La signature de l’acte de transfert de propriété est intervenue entre la ministre française de la Culture, Rachida Dati, et la ministre ivoirienne de la Culture et de la Francophonie, Françoise Remarck.
Cet aboutissement est le fruit d’un engagement politique assumé au plus haut niveau par le Président de la République de Côte d’Ivoire, Alassane Ouattara, et le Président de la République française, Emmanuel Macron, qui avaient conjointement exprimé leur volonté de faire progresser la coopération mémorielle et culturelle entre les deux États. La restitution du Djidji Ayôkwè s’inscrit ainsi dans une dynamique de dialogue constructif et de reconnaissance patrimoniale.
• Un patrimoine culturel d’importance majeure
Saisi en 1916 auprès du peuple Atchan (Ébrié), le Djidji Ayôkwè, long de près de trois mètres et pesant environ 430 kilogrammes, constitue un élément central du patrimoine spirituel, social et politique de cette communauté. Tambour parleur, il assurait la transmission de messages rituels et communautaires et symbolisait l’autorité ainsi que la cohésion collective.
Transféré en France en 1929, cet objet patrimonial représentait pour le peuple Atchan un marqueur identitaire majeur. Sa restitution répond à une requête officielle formulée par la Côte d’Ivoire en 2018 et validée par le Parlement français à travers un dispositif législatif spécifique autorisant son déclassement des collections publiques.

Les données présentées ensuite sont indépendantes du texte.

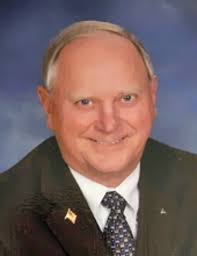 Donald Jensen Brady Obituary December 14, 2020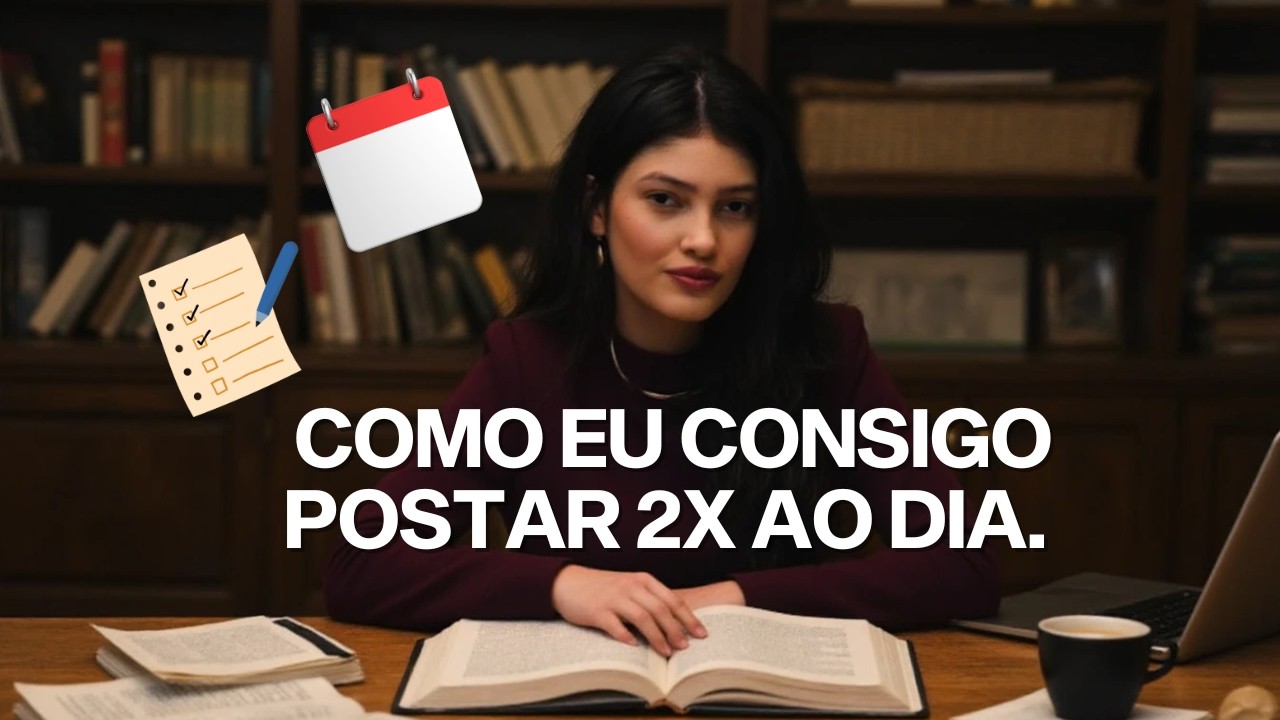 Voc&ecirc; N&atilde;o Vai Crescer no Digital Sem Esses 5 H&aacute;bitos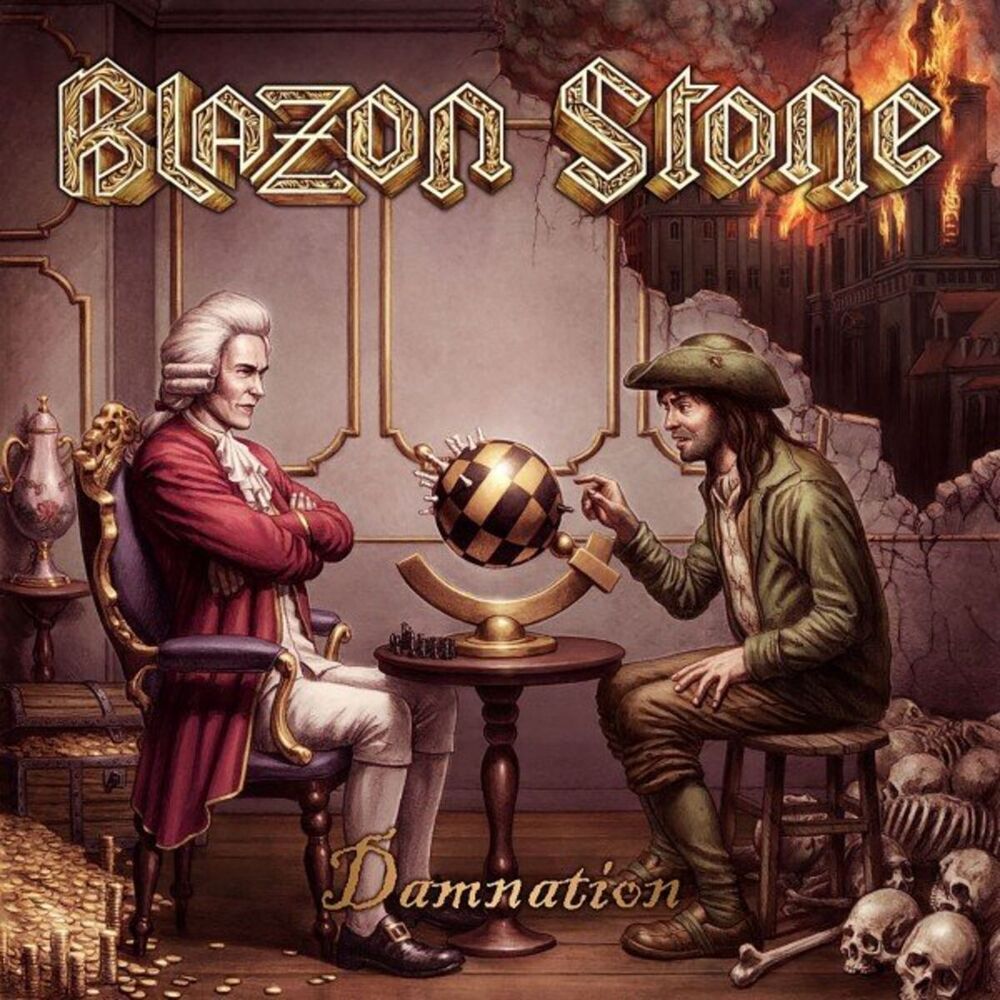 Picture of Blazon Stone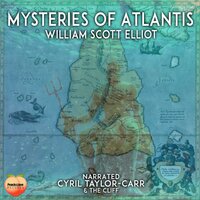 Mysteries Of Atlantis - William Scott-Elliot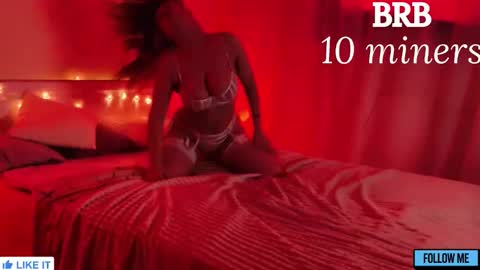 EMILY online show from February 3, 10:42 am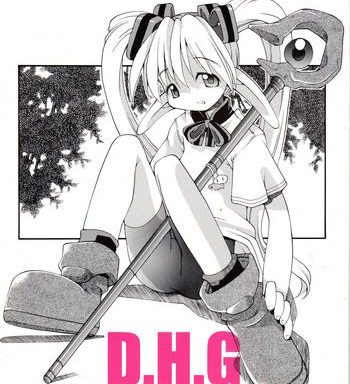 d h g 2nd cover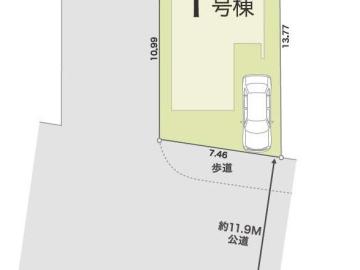 全体区画図(2025年10月)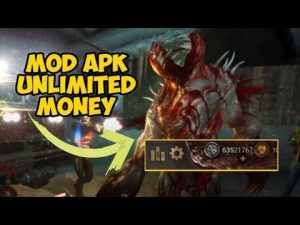 mimicry mod apk unlimited money and gems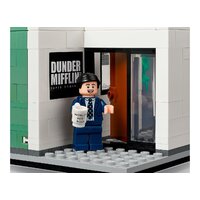 Конструктор LEGO Ideas 21336 Офис - Изображение №3 — Chaika Market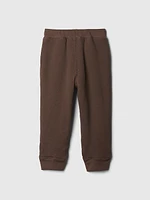 babyGap Cozy Thermal Pants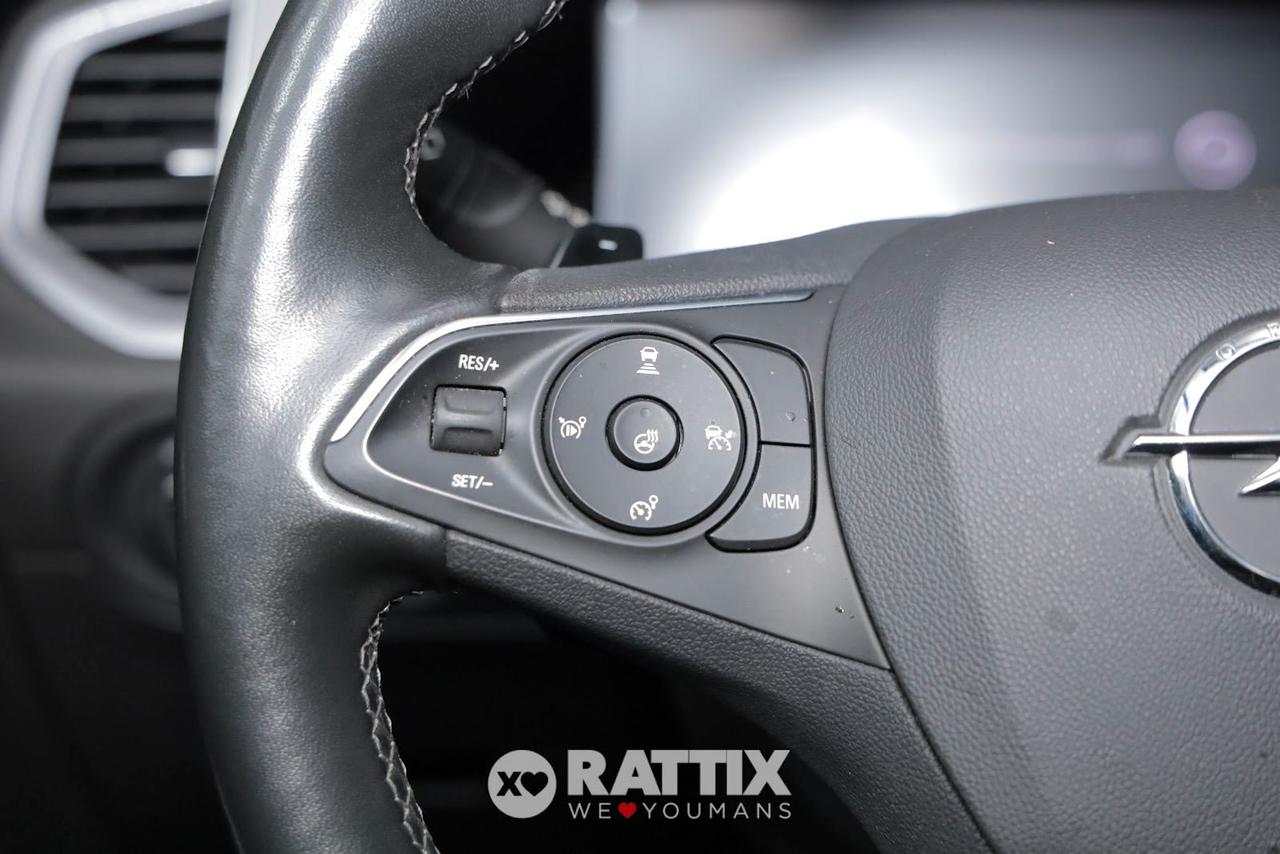 Opel Grandland 1.6 Phev GS Line Auto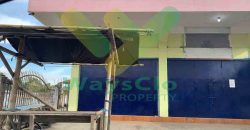 DIJUAL CEPAT RUKO STRATEGIS DAERAH LANGOWAN, HARGA SANGAT MURAH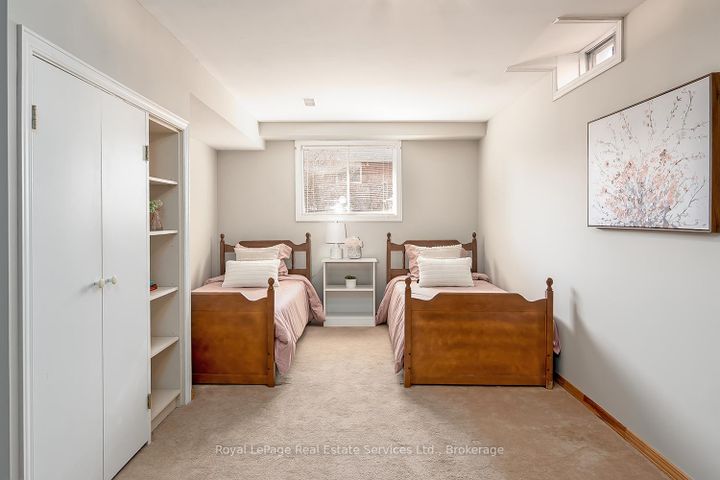 Photo 39 at 1274 Hilton Lane, GA Glen Abbey, Oakville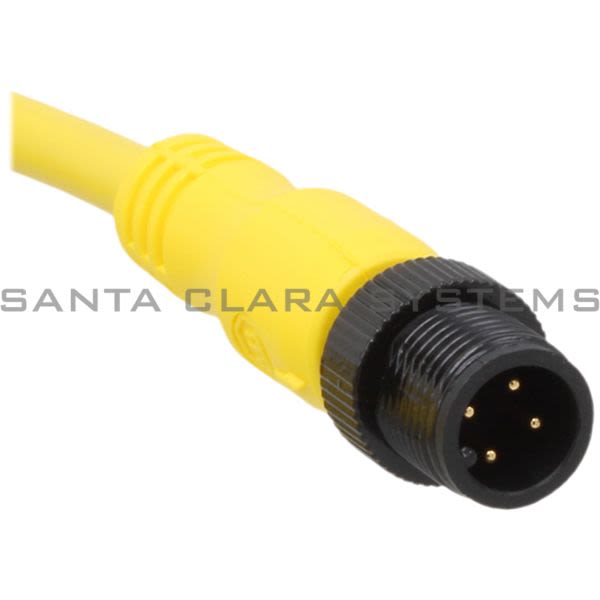 Allen Bradley 889D-F4ACDM-4 Cordset Product Image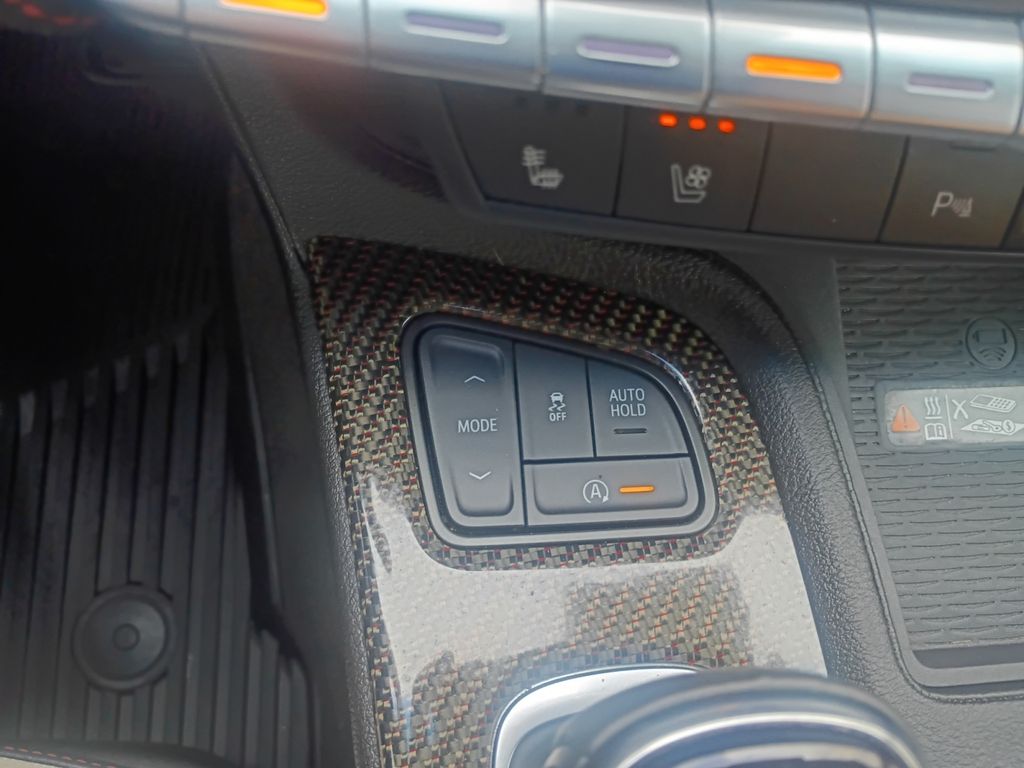 Used Car 2022 Cadillac Ct5  Sport For Sale Under $35,000 In Austin, Texas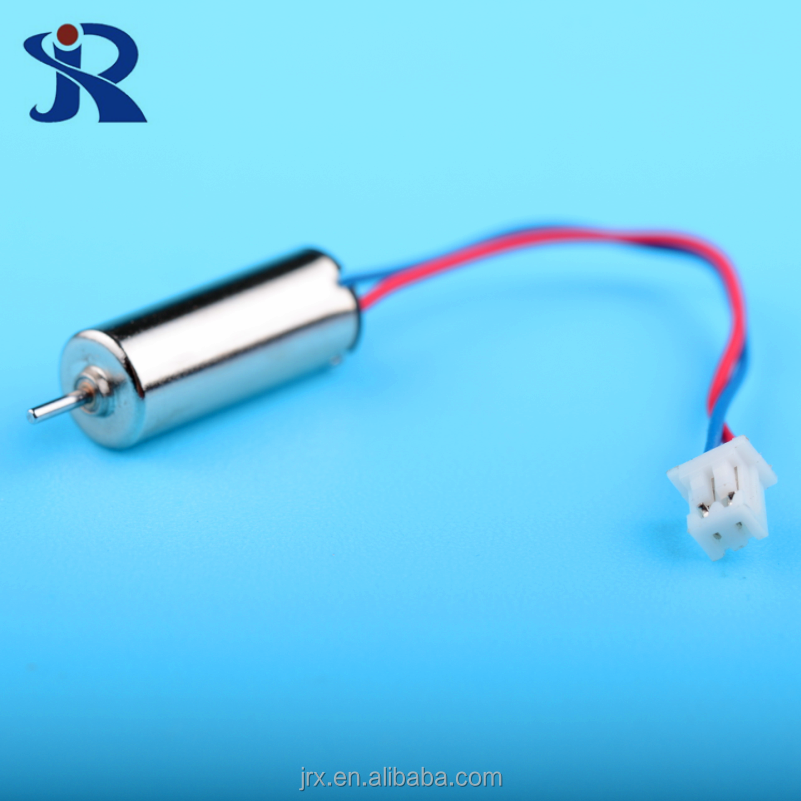 6x15 Mm 17000rpm 3v DC Motor For Toy Car ,Motor For Helicopter ,Motor For Four Axis Aircraft
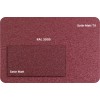 Металлочерепица Grand Line Kredo Satin Matt 0.5мм RAL 3005 - красное вино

• Une cérémonie à forte portée diplomatique
La cérémonie s’est tenue en présence de hautes personnalités ivoiriennes et françaises, parmi lesquelles le Directeur général de l’UNESCO, Khaled El-Enani, et la Secrétaire générale de l’Organisation internationale de la Francophonie, Louise Mushikiwabo.
La présence remarquée de plusieurs membres du Gouvernement ivoirien a témoigné de la dimension stratégique et symbolique accordée à cet événement par les autorités ivoiriennes.
Également présent, le ministre Paulin Claude Danho, vice-gouverneur du District autonome d’Abidjan et représentant des Atchan, a pris part à cette cérémonie en tenue traditionnelle. Son engagement en faveur du retour du tambour sur la terre de ses ancêtres a été salué publiquement par la ministre Françoise Remarck.
• Une avancée majeure en matière de souveraineté culturelle
La restitution du Djidji Ayôkwè constitue un jalon significatif dans le processus de coopération patrimoniale entre la Côte d’Ivoire et la France. Elle traduit une reconnaissance institutionnelle de la valeur historique, culturelle et symbolique de cet objet pour le peuple ivoirien.
Le tambour rejoindra prochainement le Musée des Civilisations de Côte d’Ivoire à Abidjan, où des aménagements sont en cours pour assurer sa conservation et sa mise en valeur.
Avant son départ définitif, une cérémonie de libation est prévue le 22 février à Paris, afin d’honorer la dimension sacrée de cet héritage culturel.